There are numerous historical examples of names that stigmatized communities and promoted incorrect information about the origin and transmission of a disease. An outbreak of hantavirus, first identified after the death of a Navajo man in 1993, became known as a “Navajo disease”; Ebola, named for a river near the region where it was discovered, led to countless racist incidents targeting West Africans in 2014; and the disease we now know as AIDS was once called GRID, or “gay-related immunodeficiency.” Names like these can lead to less effective policy measures, fuel xenophobic attacks and discrimination, and contribute to widespread public misinformation. 

The World Health Organization (WHO) has had guidelines for naming new viruses in place since at least 2015. They recommend against the use of geographic locations and other factors that could be misleading or encourage discrimination. But the formal process of naming diseases can be tricky, and once certain names are popularized it becomes difficult to change them.

According to Trevors, the impulse to accept stigmatizing information from dubious sources is linked to our emotions and the way we make decisions in uncertain situations. “When we have fear and anxiety, we’re drawn to find certainty. We don’t like that uncertain state,” he says. “So we try to seek out something that makes us feel security in our lives.

If we don’t really have a good handle on germ theory, we’re going to grab onto pretty much any information that makes us feel like, ‘Oh yeah, I finally have a handle on this, I finally have some knowledge that’s going to protect me.’” 

A recent report from the WHO echoes this claim, connecting the stigmatization around coronavirus to three factors: the new and unknown aspects of the disease, our fear of the unknown, and the tendency to “associate that fear with ‘others.’” 

Unfortunately, this thinking tends to lead to harmful and inaccurate conclusions, and moves us farther away from the global and community-level cooperation needed during a crisis. 

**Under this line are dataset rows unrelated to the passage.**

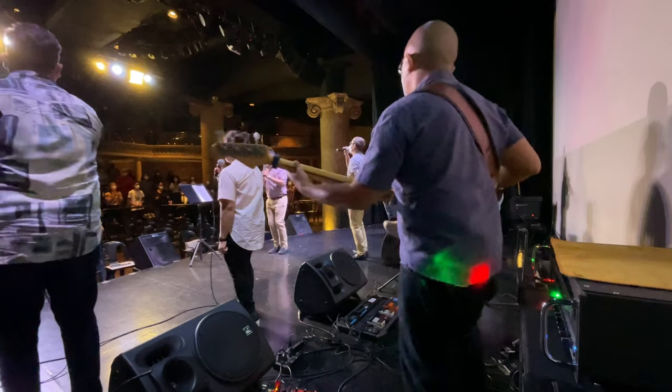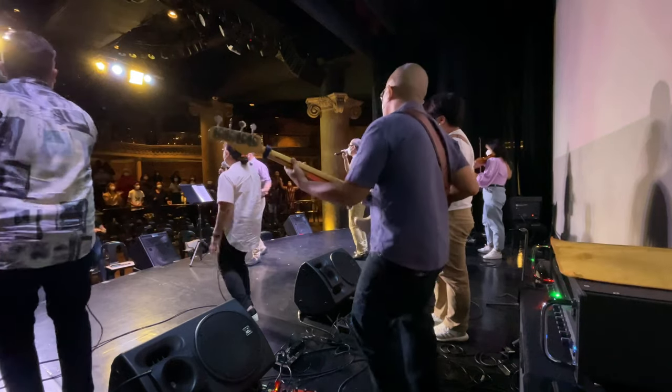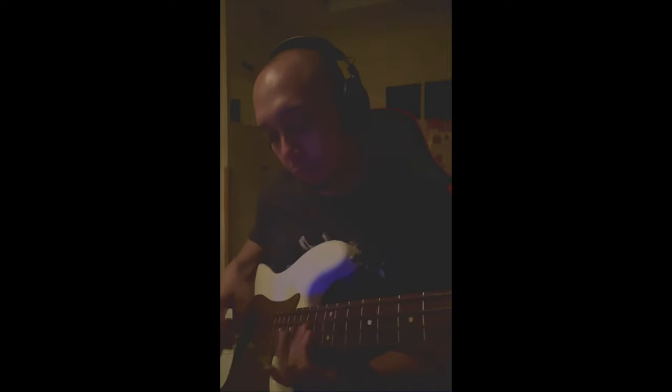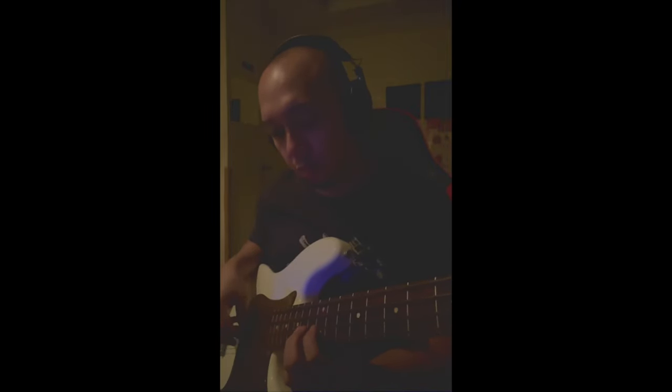Good day to every bass player out there. Today is the day — my website is up and running. You will be able to download the HX Stomp patches for the jazz bass, the P bass, and the OC too.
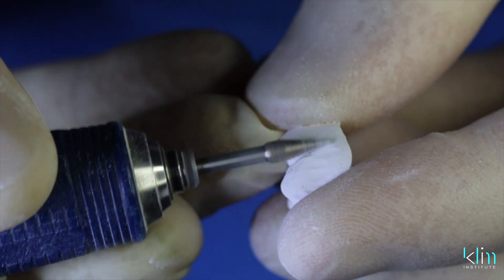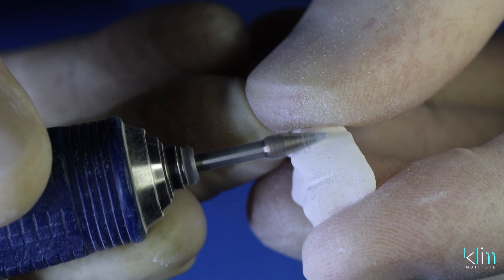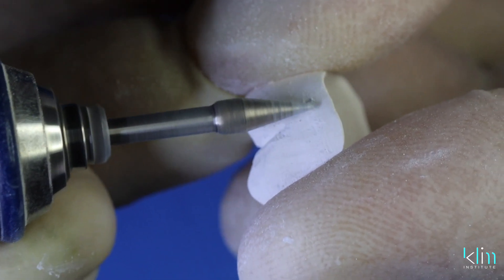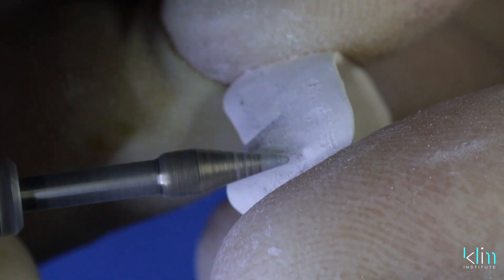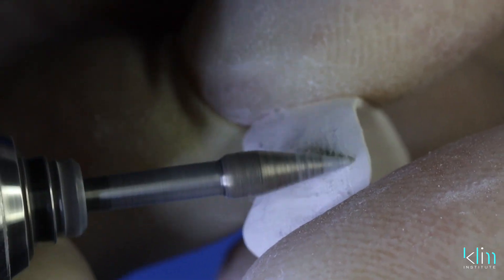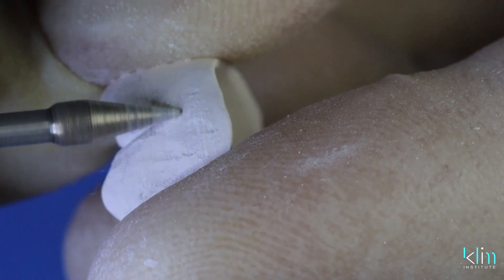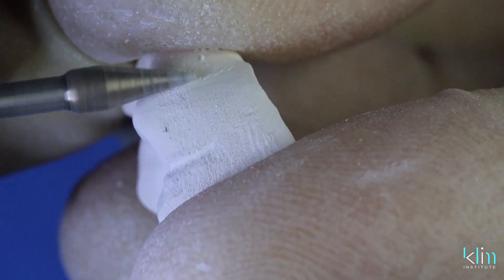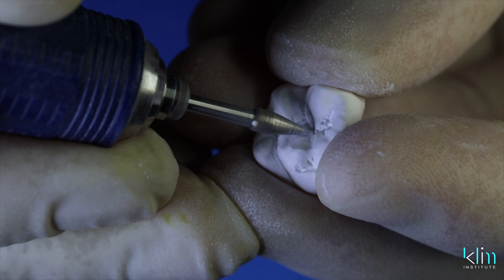Light pressure — always keep the burr moving so you don't gouge the soft zirconia. This is perikymata: it's a light dance with the tip of that burr across that surface. Place this on before you sinter, because it's almost impossible to do after sintering. Make any other further refinements at this stage as well.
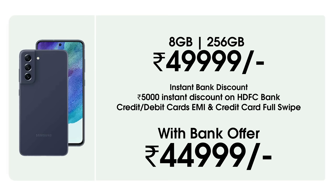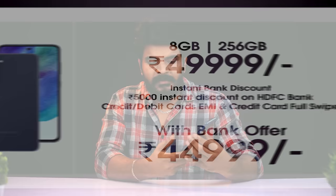The 8GB RAM 256GB model is available. There are bank offers and cashback deals available at the time of purchase. Check the links in the description for the latest pricing. See you later.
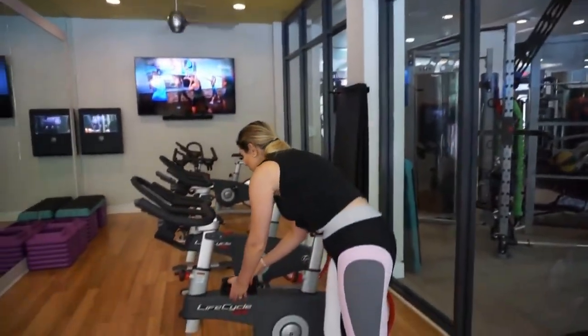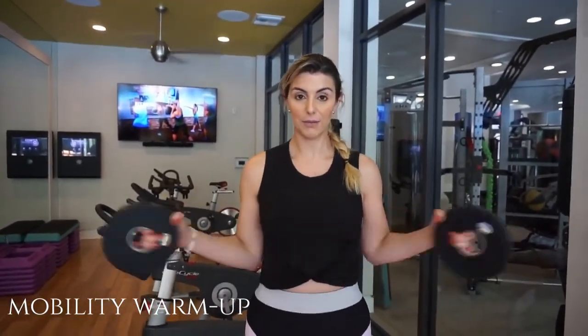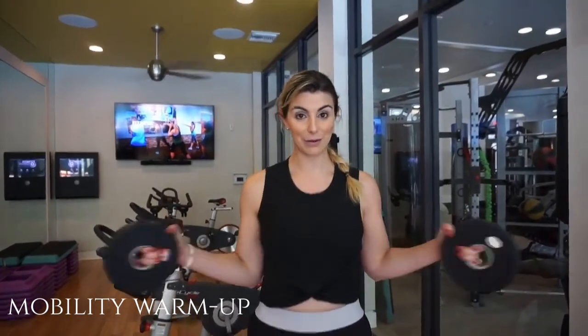Today is when you want to hit those PRs. I love training shoulders, but first we're going to start with our mobility warm up. Basically just the same as quads — you should be doing this every day, but I feel like these are the most important ones that I want to show you guys.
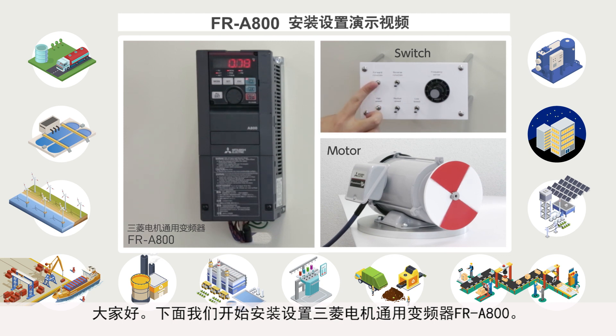Thank you for choosing a Mitsubishi Electric inverter. In this video, we will explain how to set up the Mitsubishi Electric FR-A800 general purpose inverter.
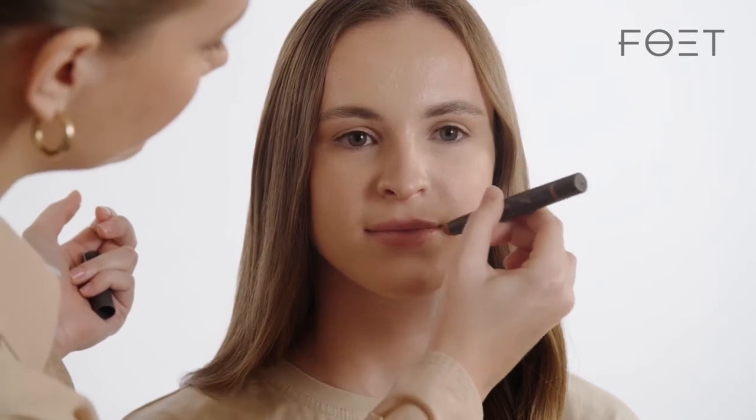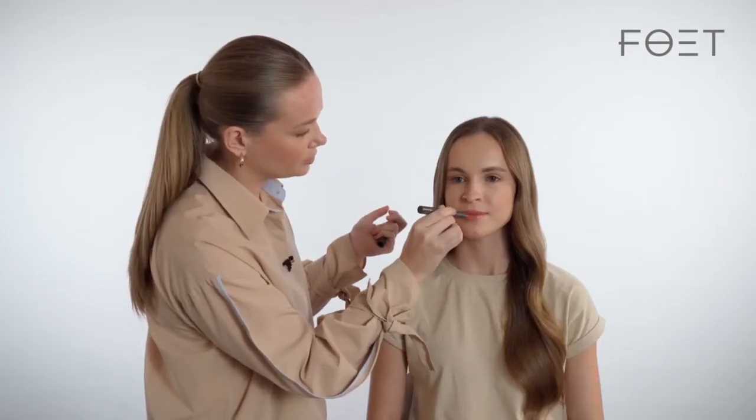I would suggest applying it directly using the applicator. We gather a small amount of gloss and apply it progressively from the center towards the corners. The main advantage of this gloss is that it isn't sticky — you will be very comfortable with this product on your lips throughout the whole day, and it is very good at emphasizing the volume of your lips. On the upper lip, we also move from the center, the cupid's bow, towards the corners.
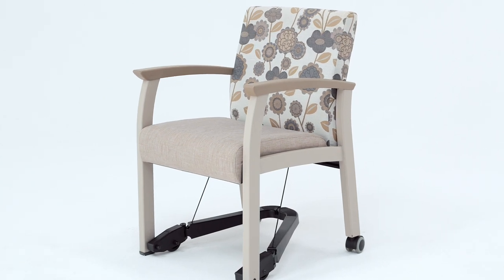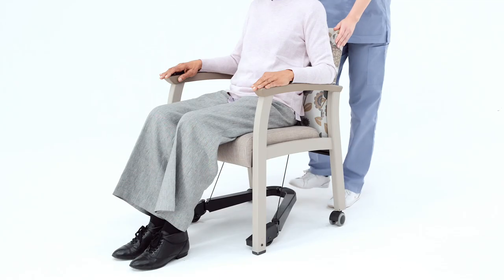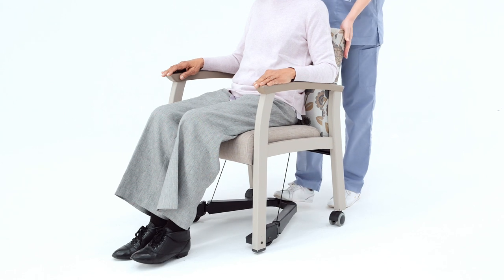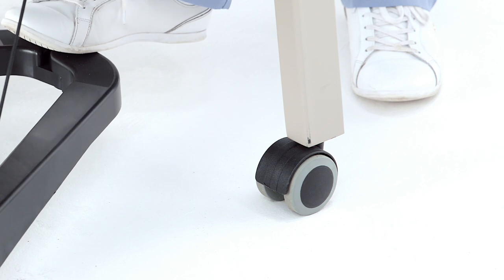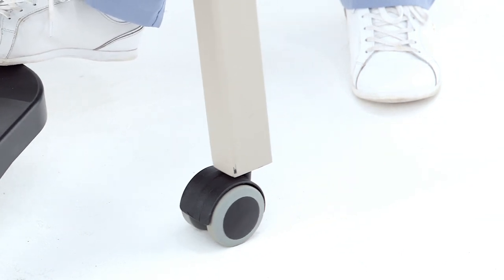The PrimaCare and Desmond HT dining chairs with lift enable caregivers to gently and effortlessly move a seated person to and from a table. Rear casters maximize maneuverability and ease of movement in tight spaces.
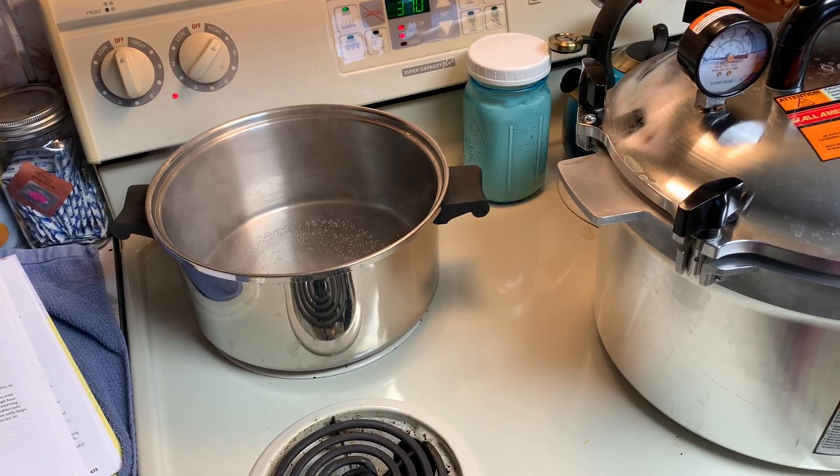Here we go again. I am finishing up canning the pumpkin — you can link to a previous video on that. Now what I'm doing is processing the pumpkin seeds.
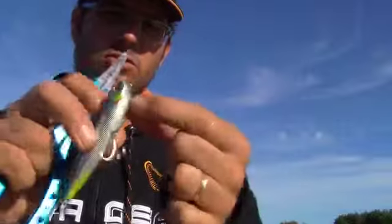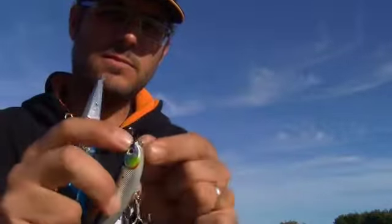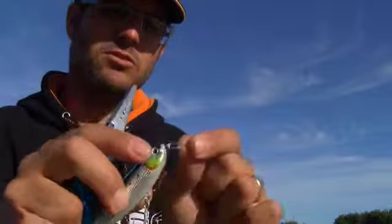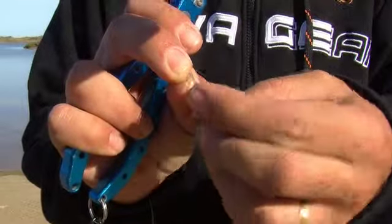We cut the surplus line, and we have my double loop knot. We have double strength for extreme predators fishing. We have the double resistance to make that extreme fishing.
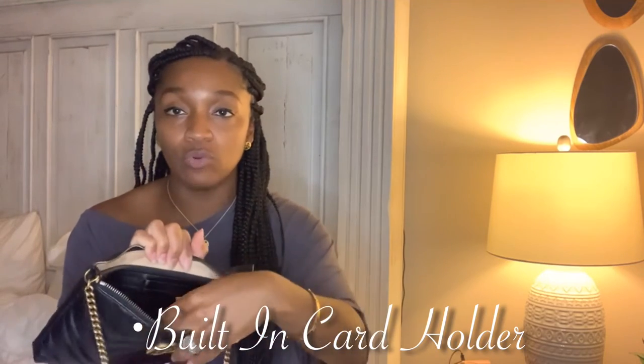What I like most about it is it has a built-in card holder on the inside where you can put about six cards, and it also has a zipper where you can put additional things in this section here.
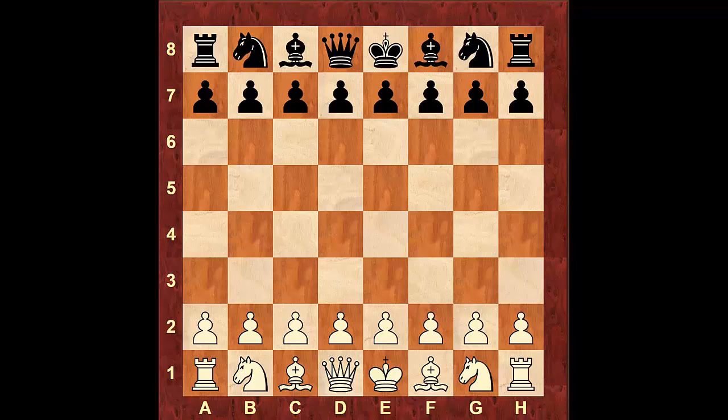Hello guys, this is Coach B with MasterChez.com, and in this video I'm going to go over the English opening King's English variation. This is a very easy opening to learn and it's played at all levels including Grandmaster level.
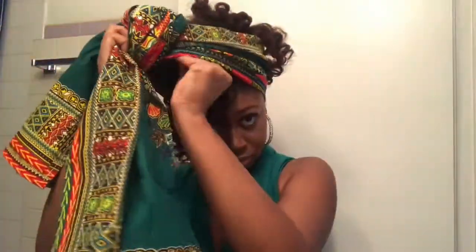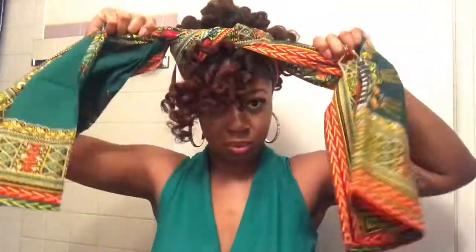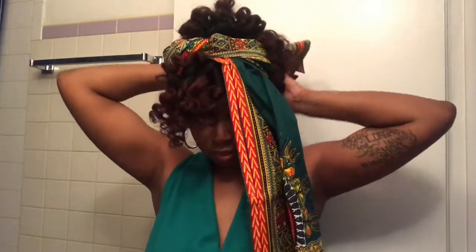As I'm tying the wrap, I'm making sure that all my curls are out of the way so I don't flatten them. Then I'm going to twist one side and tuck it, and do the same on the other side.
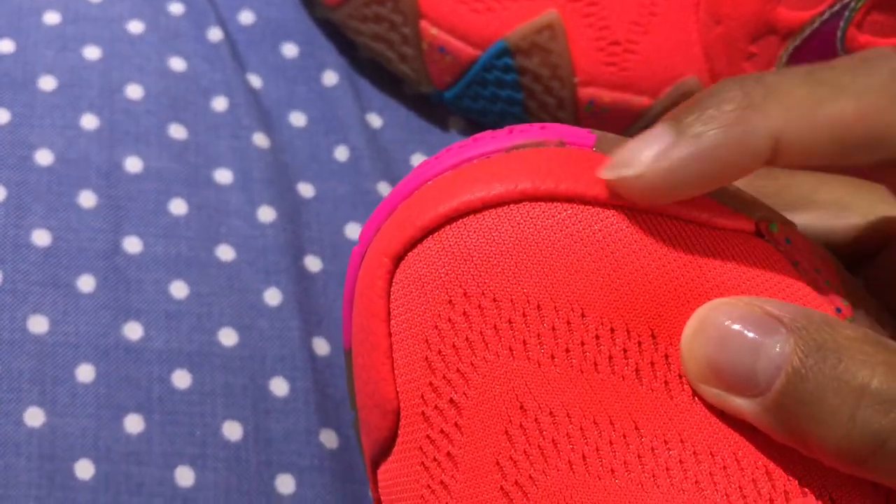Here's the leather section there for the toe area. Yep, simply wanted to give a close-up.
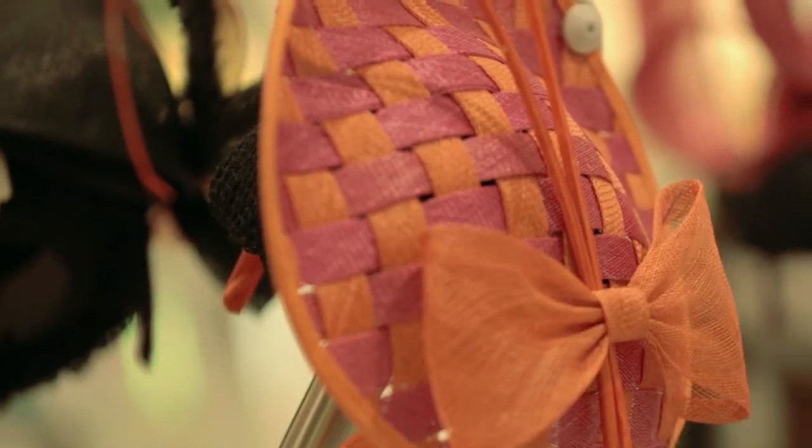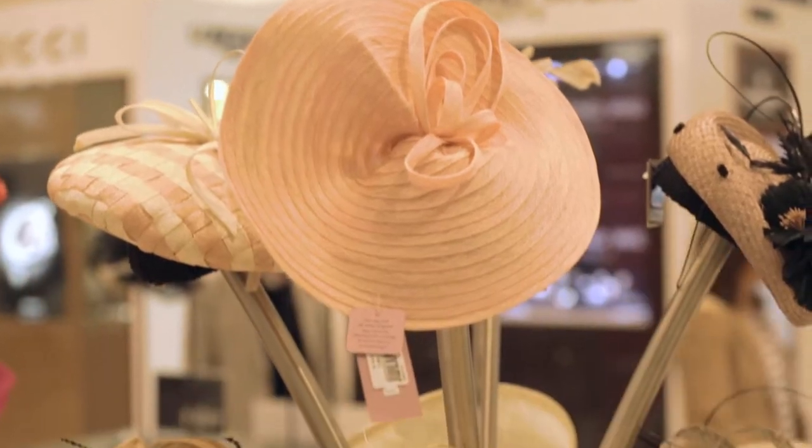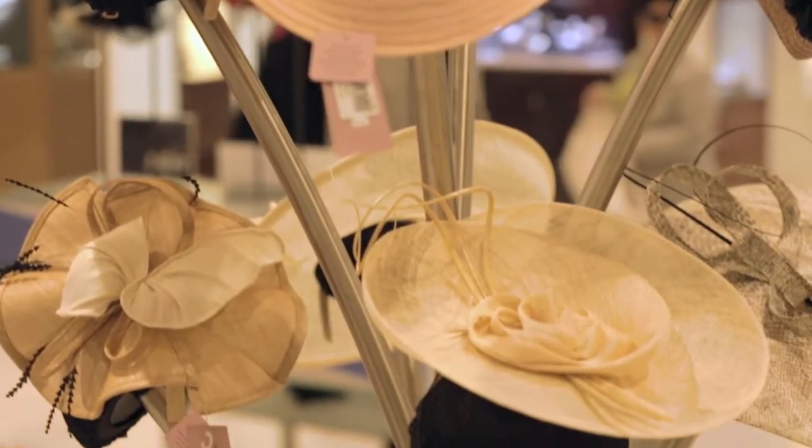Speaking of style though, your hat and your headpiece really wants to reflect your personality. If you're really vivacious and energetic, choose something in bold, bright colors, and if you're a little bit more classic, there are plenty of options for you as well.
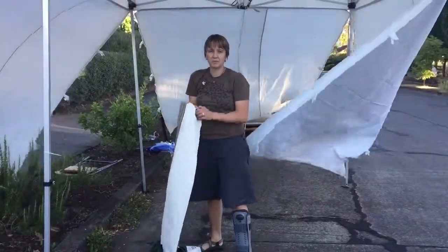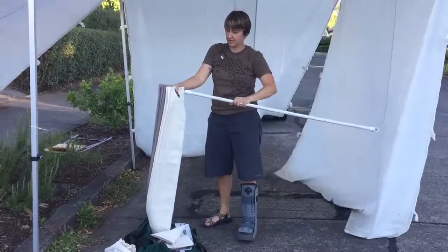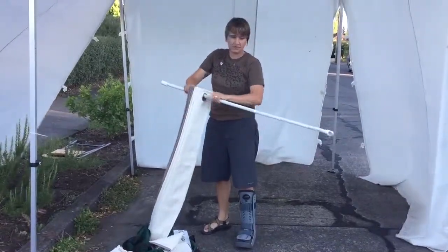Okay, next we're going to put up the curtains, which involves this and these. Just put this rod through all the rings.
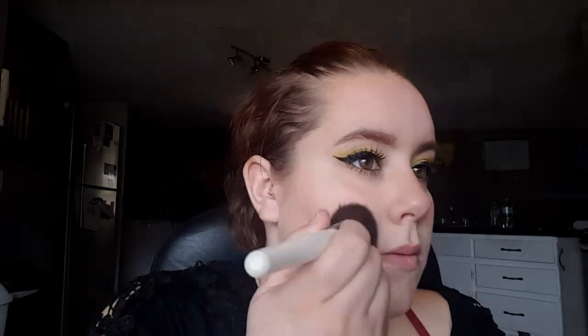Then just add some black liner to your upper and lower waterlines. Going in with a liquid black liner, I'm just creating some wings, and then filling in my brows. After that's done, just add your lashes, then going in with this Tarte blush, I'm just adding some blush to my cheeks. Next, add a little mascara.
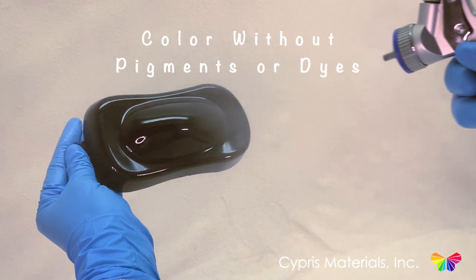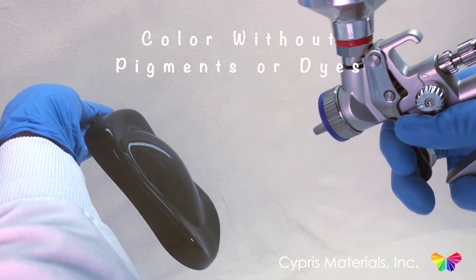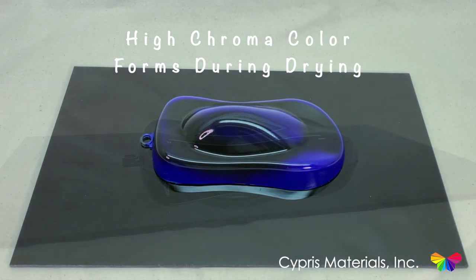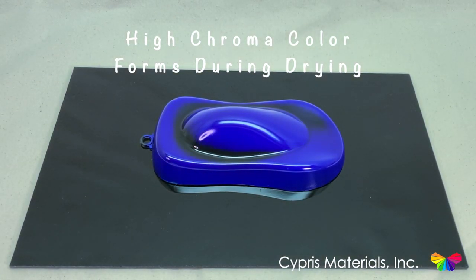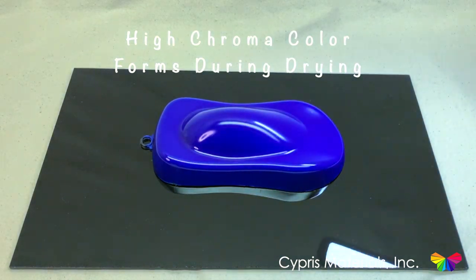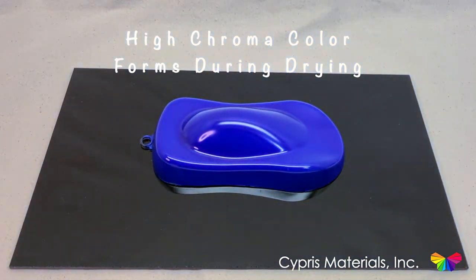In this video we demonstrate one of many application methods of Cypress Materials' sustainable structural color that gives coloration without pigments or dyes. After the paint is applied, the solvent is allowed to evaporate and our copolymer binder facilitates the critical self-assembly process and forms into a vibrant reflective coating.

It is damaging. It undermines cooperation, it undermines the idea that we have a shared goal, a shared stake in the situation,” says Trevors. “Every time we use divisive language like that it just further undermines our capacity to respond the way we need to respond.”

While the language surrounding coronavirus continues to change, a concerted shift toward terminology that is accurate, compassionate, and resistant to misinterpretation can have profound effects. In a press conference on March 20, Maria Van Kerkhove, an epidemiologist working for the WHO, explained why the organization had decided to switch to using the term “physical distancing” rather than “social distancing.” 

“[P]hysical distance from people so that we can prevent the virus from transferring to one another; that’s absolutely essential. But it doesn’t mean that socially we have to disconnect from our loved ones, from our family,” she said. During times of crisis, social cohesion and support is essential to promote public health.